The Acadian Diaspora
A resource developed through the Longfellow and the Forging of American Identity program
Author: Rhea Côté Robbins, Adjunct Assistant Professor, University of Maine
Suggested Grade Level: 6-12
Subject Area: Women's Studies, Franco-American Studies, Maine Studies, and University Studies
Time Required: 2-3 weeks
Reading Evangeline as a feminist and metaphoric text.
Materials and Resources Required:
-Lesson Plan Packet (PDF)
-Henry Wadsworth Longfellow's Evangeline: A Tale of Acadie
-Internet access for additional resources(PDF) (optional)

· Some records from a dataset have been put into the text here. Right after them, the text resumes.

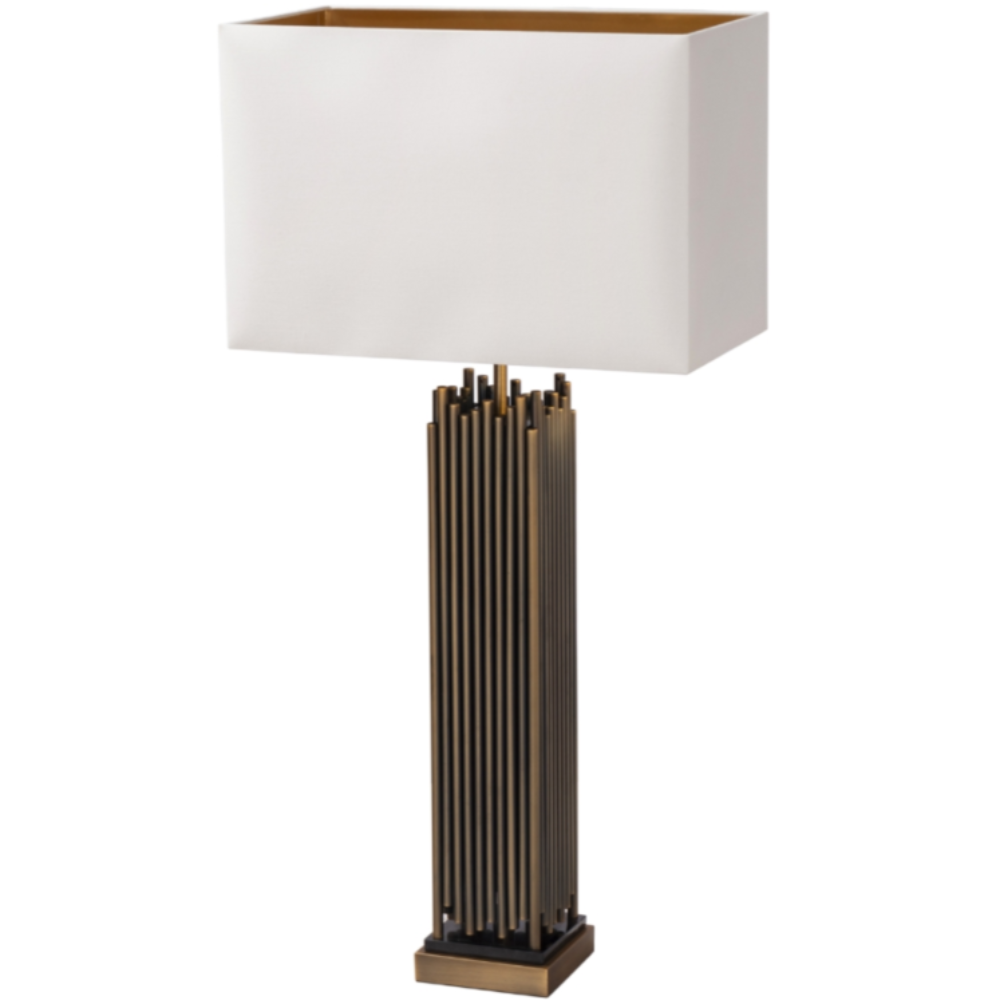 Tasha architectural Table Lamp bu RV Astley reduced-Renaissance Design Studio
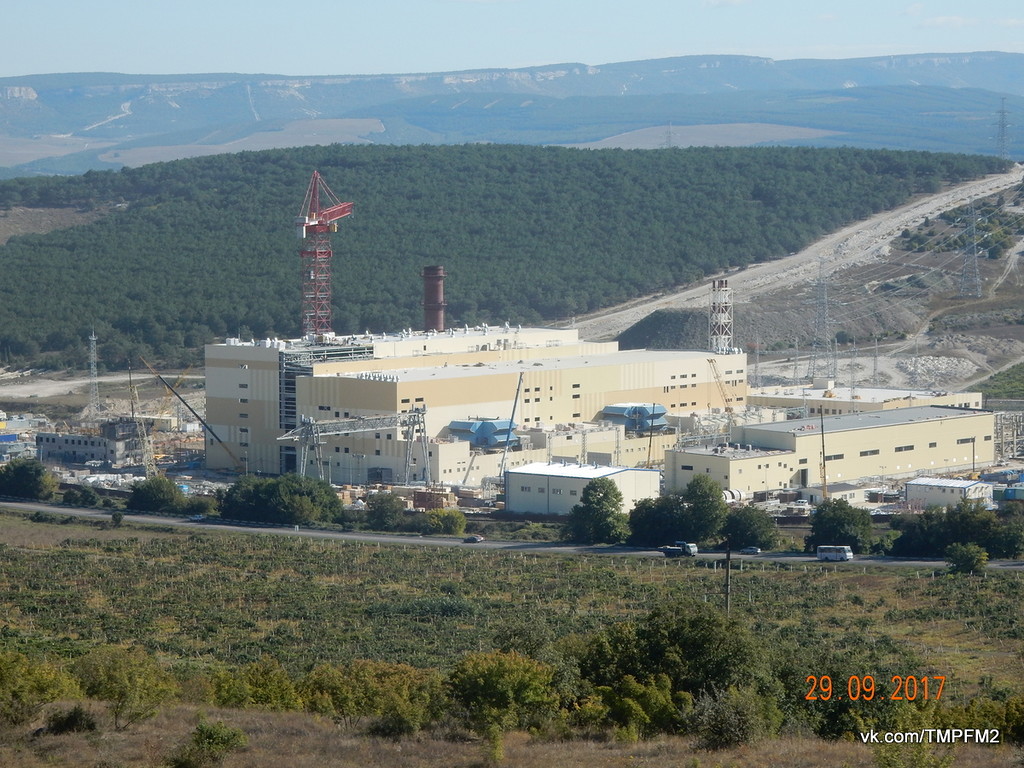 Строительство Севастопольской ТЭС мощностью 470 МВт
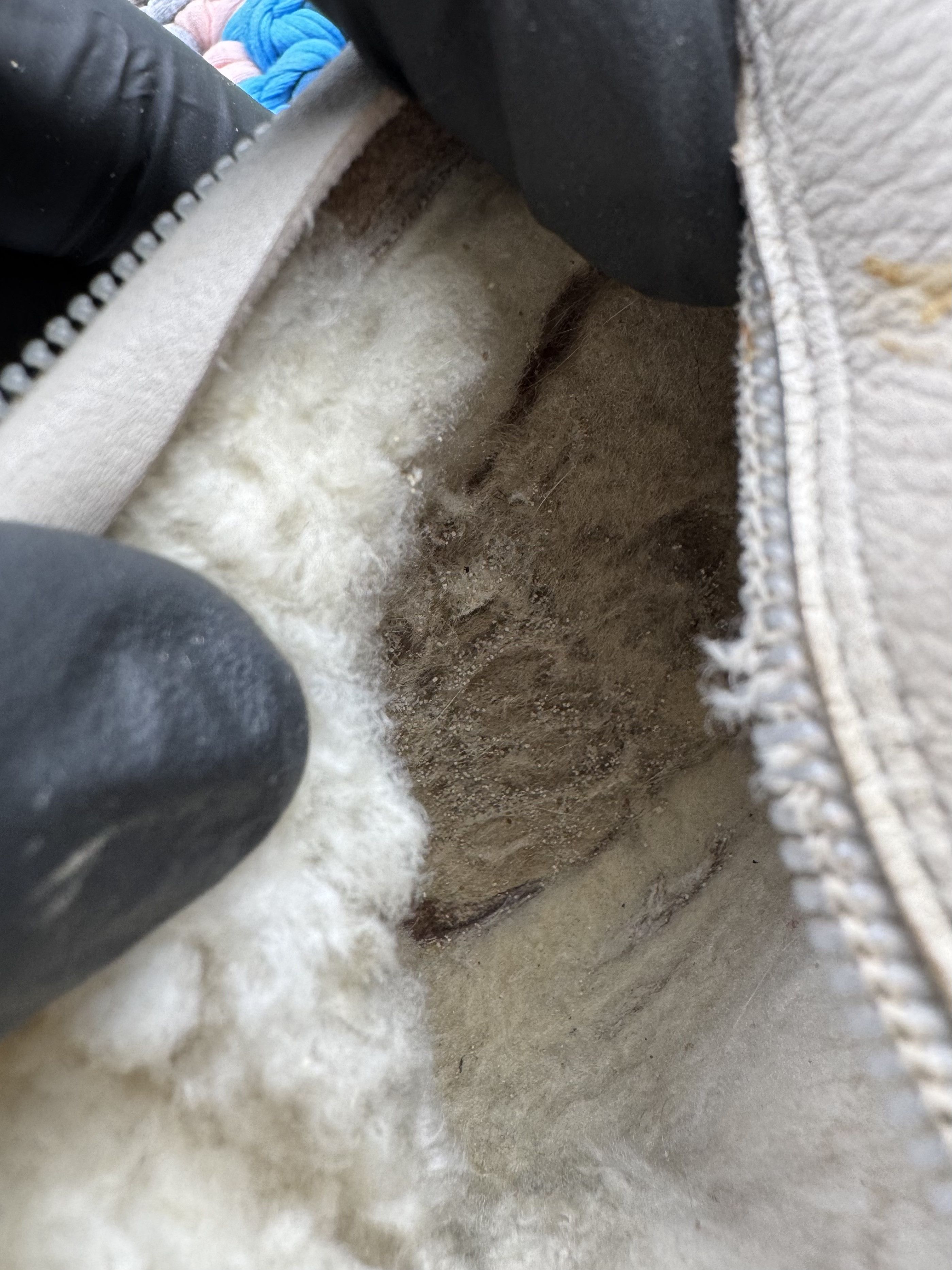 Vintage Vintage Leather Sheepskin Boots With Straps (ET1)(D15) Size US 7 / IT 37 - 14 Thumbnail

Evangeline, Longfellow's heroine, has long been read as a search for Evangeline?s long-lost love, Gabrielle--separated by the British in 1755 at the time of the Grand Derangement, the Acadian Diaspora. The couple comes to find each other late in life and the story ends. Or does it?
Why does Longfellow choose to tell the story of this cultural group with a woman as the protagonist who is a member of a minority culture the Acadians? Does this say something about Longfellow's ability for understanding the misfortunes of others?
Who is Evangeline searching for? Is it Gabrielle, or her long-lost land of Acadia? Does the couple represent that which is lost to them, the land of their birth and rebirth? These are some of the thoughts and ideas which permeate Longfellow's text, Evangeline, beyond the tale of two lovers lost to one another. As the documentary, Evangeline's Quest (see below) states: "The Acadians, the only people to celebrate their defeat." They, as a cultural group, are found in the poem and their story is told.